Когда Ласкину позвонил некто Бабцев и попросил о встрече, первым порывом Вениамина было отказаться. Фамилия Бабцева была ему знакома, пожалуй, даже более чем знакома. В свое время Ласкин зачитывался его яркими и смелыми для своего времени работами. Наверное, он у Бабцева даже чему-то учился. Но он давно выучился. Прошлое должно оставаться в прошлом. А Бабцев явно принадлежал ушедшей эпохе; она была вроде бы совсем недавно, но уже тоже осыпалась в нескончаемо разевающуюся пропасть прошлого. Мир стал иным. Во времена Бабцева перед этой страной еще стоял какой-никакой выбор и казалось, человек способен что-то менять, что-то решать или хотя бы воздействовать на принятие решений; теперь все окостенело и лучше всего, если дать себе труд понять, какая именно свобода восторжествовала и где, просто играть в этой окончательно отстроенной грязной песочнице по ее правилам и печь для себя свои куличи, чем больше и дороже – тем лучше. Да, подобные Бабцеву люди еще пользовались влиянием, авторитетом, на них ссылались, им даже официальные награды порой навешивали как ветеранам борьбы за демократию, но что с того – всегда в этой стране живые только мешают, а в чести одни покойники, только их можно публично уважать, цитировать, возносить в качестве образцов для подражания; ну, и еще тех, кто одной ногой в могиле. Духовных покойников. Когда пришел опыт, навык, понимание и осознание смысла своей работы, тексты статей и интервью Бабцева вдруг оказались какими-то половинчатыми, жалкими. Такое впечатление, что он, когда писал – думал! Может, даже переживал! Может, даже тужился что-то втолковать…
А кому это сейчас надо? Сейчас надо зарабатывать!
Однако Ласкин не отказался. Наоборот, выразил восторг – вполне, впрочем, умеренный – оттого, что зачем-то понадобился старшему уважаемому коллеге. С готовностью принял предложение попить завтра вместе кофейку в любом удобном Ласкину заведении. В конце концов, это было любопытно. А потом – нелепо отказываться от возможности приблизиться к кому-то, кто пока выше тебя. Никогда не знаешь, может, он-то и окажется ступенькой для твоего подъема. Занимаемся-то, в сущности, одним делом, успел сообразить Ласкин, и кормушка одна…

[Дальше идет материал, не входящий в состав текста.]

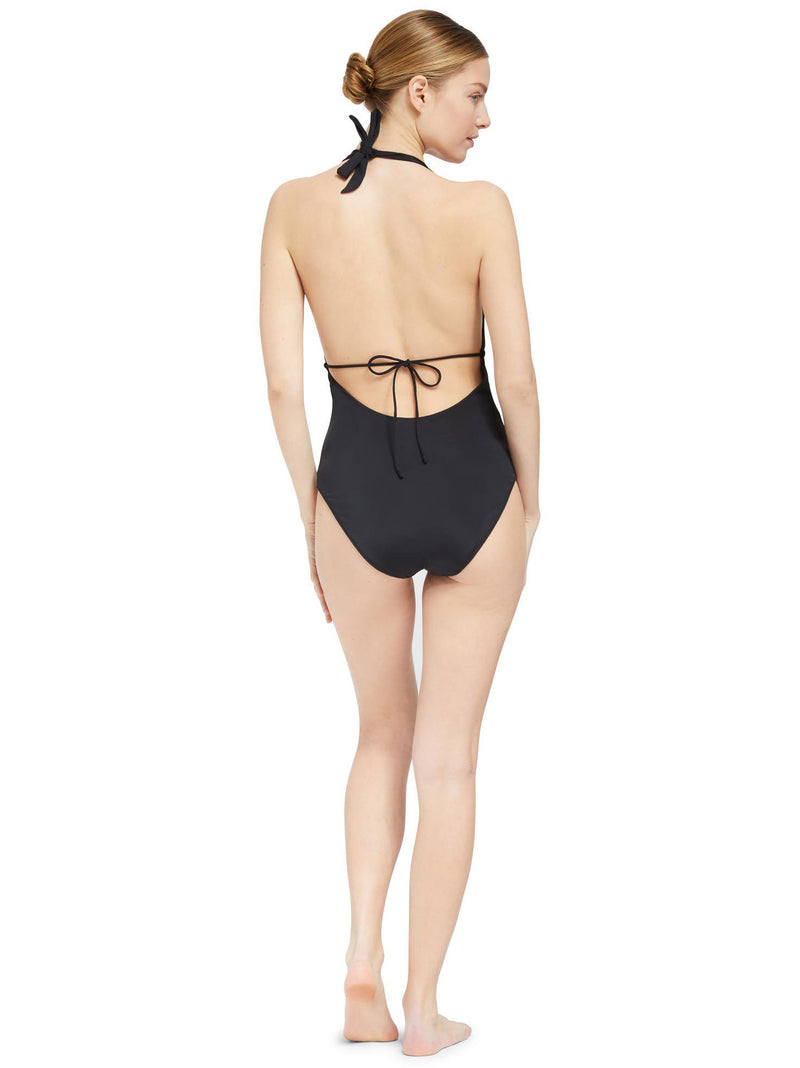 the back view of Model wearing black deep plunged one piece swimsuit with an adjustable halter-neck tie and under-bust string 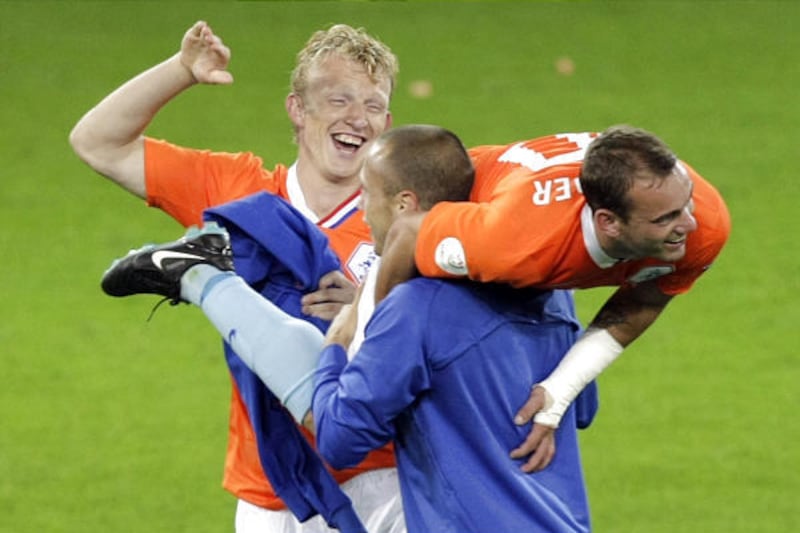 The Netherlands' Wesley Sneijder, right, Arjen Robben, center, and Dirk Kuyt celebrate their team's 4-1 victory against France toward the end of the Euro 2008 Group C match in Bern, Switzerland.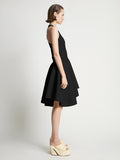 Side image of model wearing Sculpted Knit Dress in black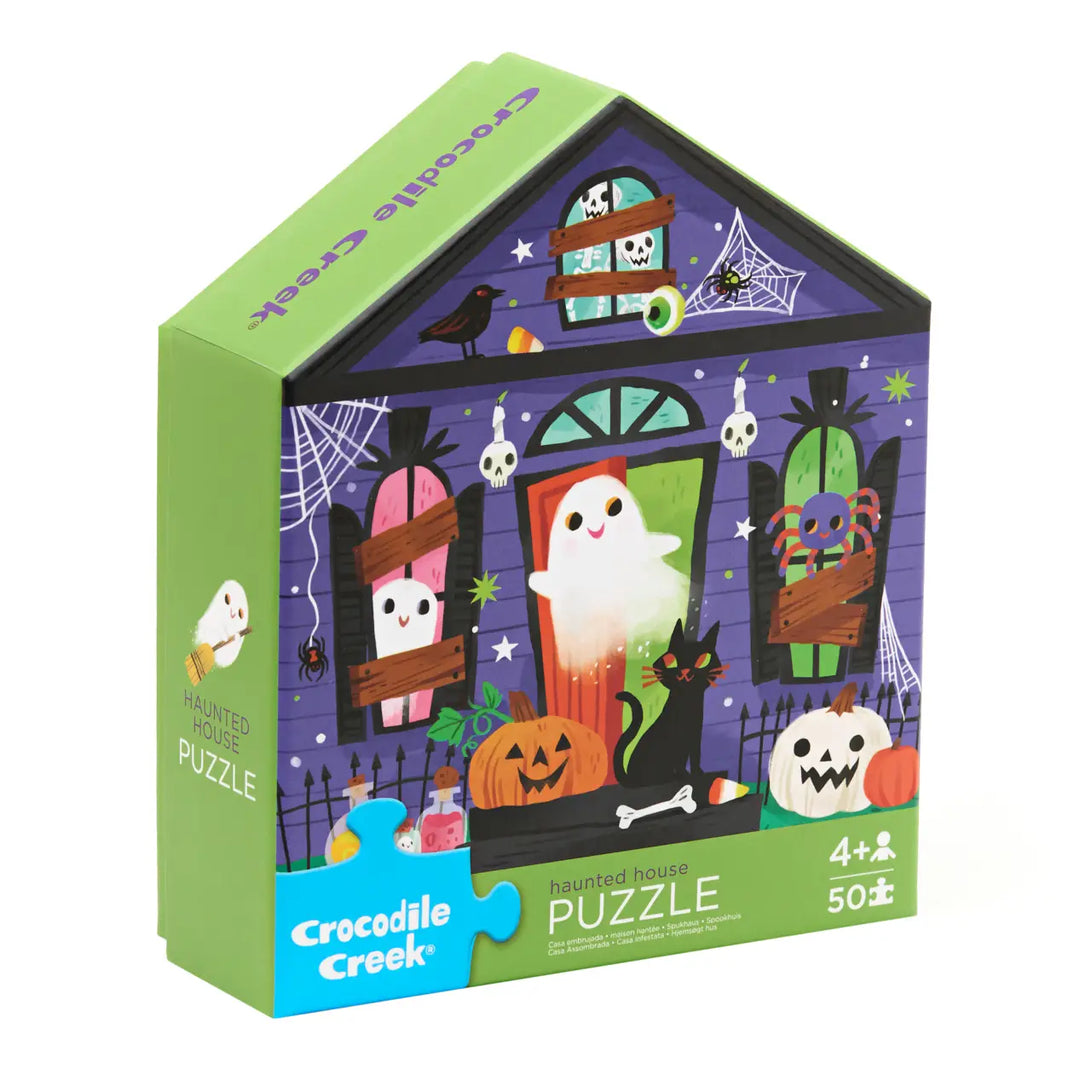 Crocodile Creek Halloween House jigsaw puzzle box, featuring a purple haunted house illustration with a ghost, pumpkins, spiderwebs, and a black cat on the front, with a green side panel showing the brand and 'Puzzle' text.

Бабцев оказался примерно таким, каким Ласкин его себе и представлял. Моложавее своих лет, он сохранял изрядный налет запальчивой, самозабвенной интеллигентности – наверное, сродни той, что давным-давно, в старозаветные времена, когда Ласкин ходил пешком под стол, кидала молодых чудил под краснозвездные танки зачастивших было путчистов. Ласкин вполне мог представить Бабцева в кадрах архивной кинохроники – скажем, на доисторической баррикаде перед Белым домом: с солнечными глазами, чеканя пророческие слова, самозабвенный юноша через осипший мегафон пламенно предупреждал бы народы о новой смертельной угрозе свободе и правам. Но теперь это был уж не огонь – в лучшем случае синие дрожащие язычки над прогоревшими углями. Внимательному глазу быстро становилось видно, как изжевала Бабцева жизнь. Лицо его будто вынули недавно из стиральной машины. И моложавость его была потрепанной, и элегантная ухоженность – после жесткого отжима. И в глазах – не солнце, а луна. Знобкое отраженное мерцание перед погружением во тьму.
Картина радовала. Судя по Бабцеву, это поколение и впрямь уже уходило. А пряников сладких всегда не хватает на всех.
В первые минуты, однако, Ласкин испытал разочарование. Это было сродни дежа вю. Они взяли по чашечке кофе по-ирландски, легкую, в хрусточку, прикусь, и Бабцев заговорил не о чем-нибудь, а о Журанкове.
Но буквально через несколько минут Ласкин насторожился.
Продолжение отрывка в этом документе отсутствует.